The food was served by teenagers. They were very kind and patient to us. They treated us like we mattered. One of them offered to hold and serve Emma’s plate, while she attended to the baby. Even though there were arguments and struggles between some of the men in the room, the volunteers were different. They were neutral observers, just like me, but like Emma, they gave a light to the entire room, not to mention the food they served was amazing. We had barbeque ribs, and fries with a pickle, and brownies, with dapples and ice cream. It was really sweet and I actually enjoyed myself. It felt like a family dinner, with Jill helping herself to seconds and thirds, and Emma seriously preaching to everyone on the table. It was amazing. Sadly, there were grown men next to us, who were discussing how they were going to use their monthly earnings from begging to buy more drugs. Some people hid the food in compartments and kept going for more.

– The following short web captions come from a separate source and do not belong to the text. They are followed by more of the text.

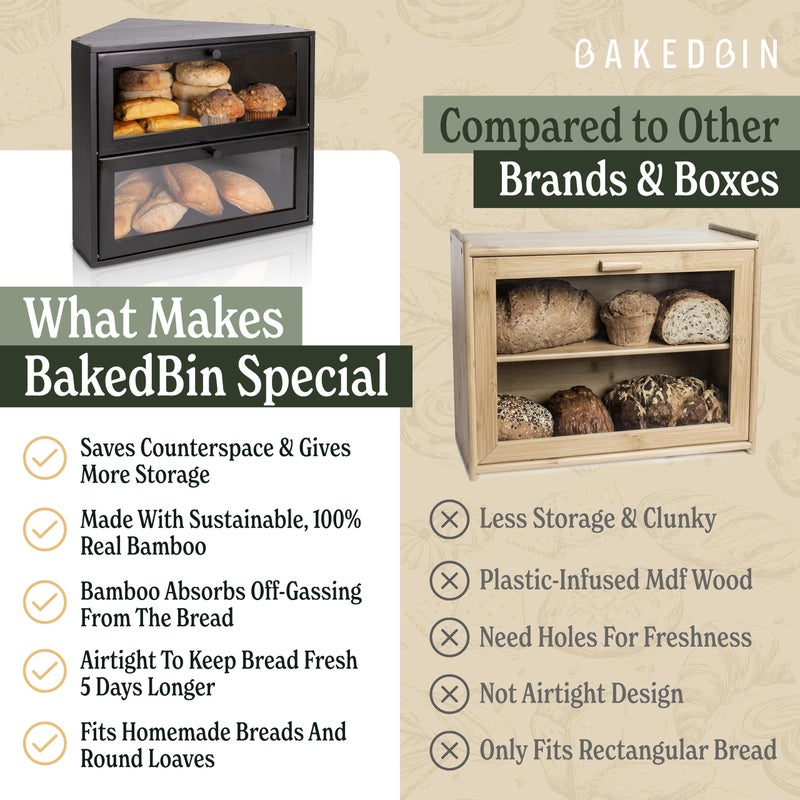 BakedBin Corner Bread Box for Kitchen Countertop - New 2026 Airtight Design - Extra Large, Double Layer Black BreadBox, Vintage Storage for Homemade Bread, Under Cabinet Organizer - Image 5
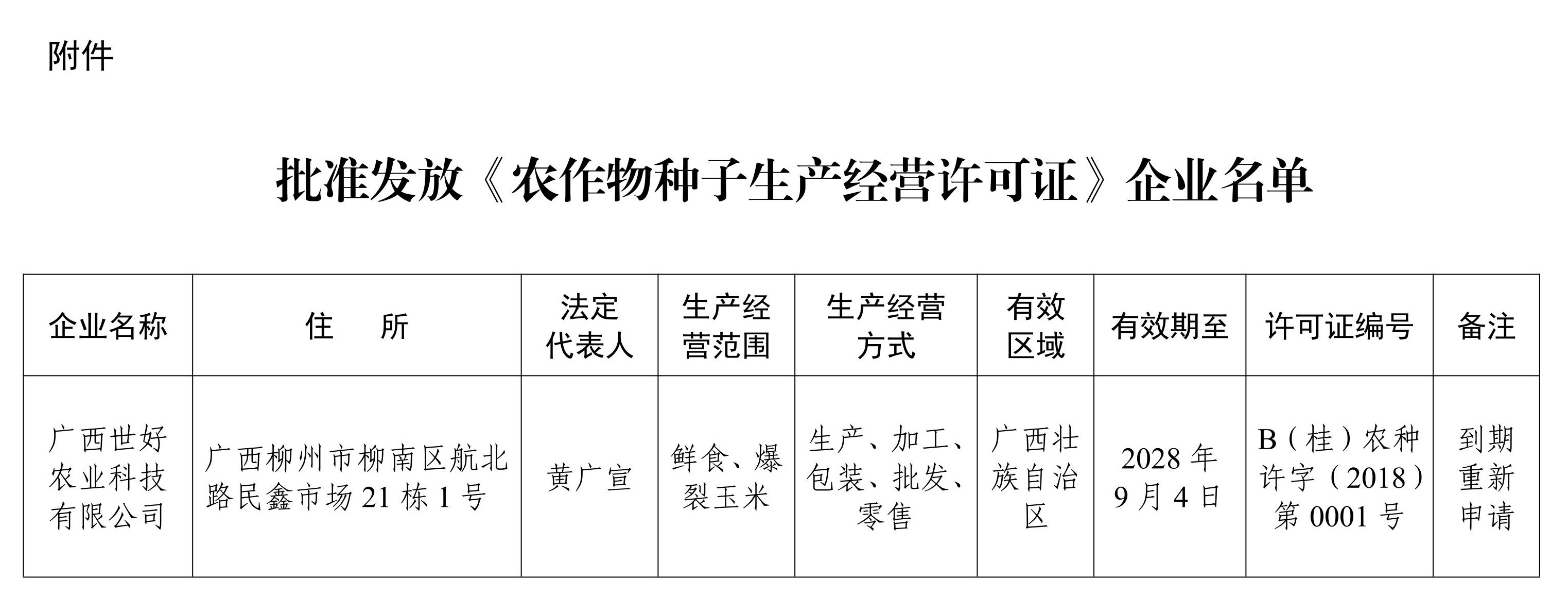 广西壮族自治区农业农村厅关于批准发放农作物种子生产经营许可证的公告_page_2 - 副本.jpeg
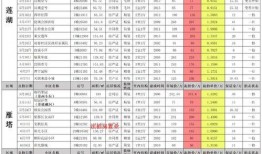 口袋觉醒八月最新爆料,神秘角色登场，全新冒险篇章即将开启！
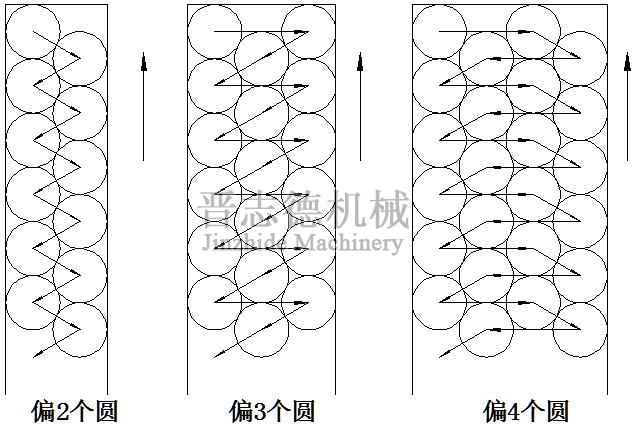 偏擺NC數(shù)控送料機(jī)效果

The volunteers were friendly and humble and offered more food to their guests. We all said a prayer together before we ate. This was led by the volunteers. However, they did not join us for dinner. In general, everyone was thankful for the food, especially since they knew it cost them nothing and they could always come back for more. It was somehow hard for me to accept that, because I know that unlike everyone else in the room, even though I came for food, I left with the bread of life, and an empty pockets. That day, I made a friend, two in fact. I learnt that regardless of what we see on the table, God’s love is always made available for us, if we can only see beyond our basic earthly needs, he will refresh and sustain us. Us humans, we have a hunger that not even a loved one or food can satisfy. I learnt more than anything that like everyone else in the room, I was wounded somehow or broken, and my brokenness could only be mended by Jesus. I was truly grateful for this experience and the free food shared with brothers and sisters in Christ.
“And when I come to die, Oh when I come to die, Oh when I come to die, Give me Jesus.”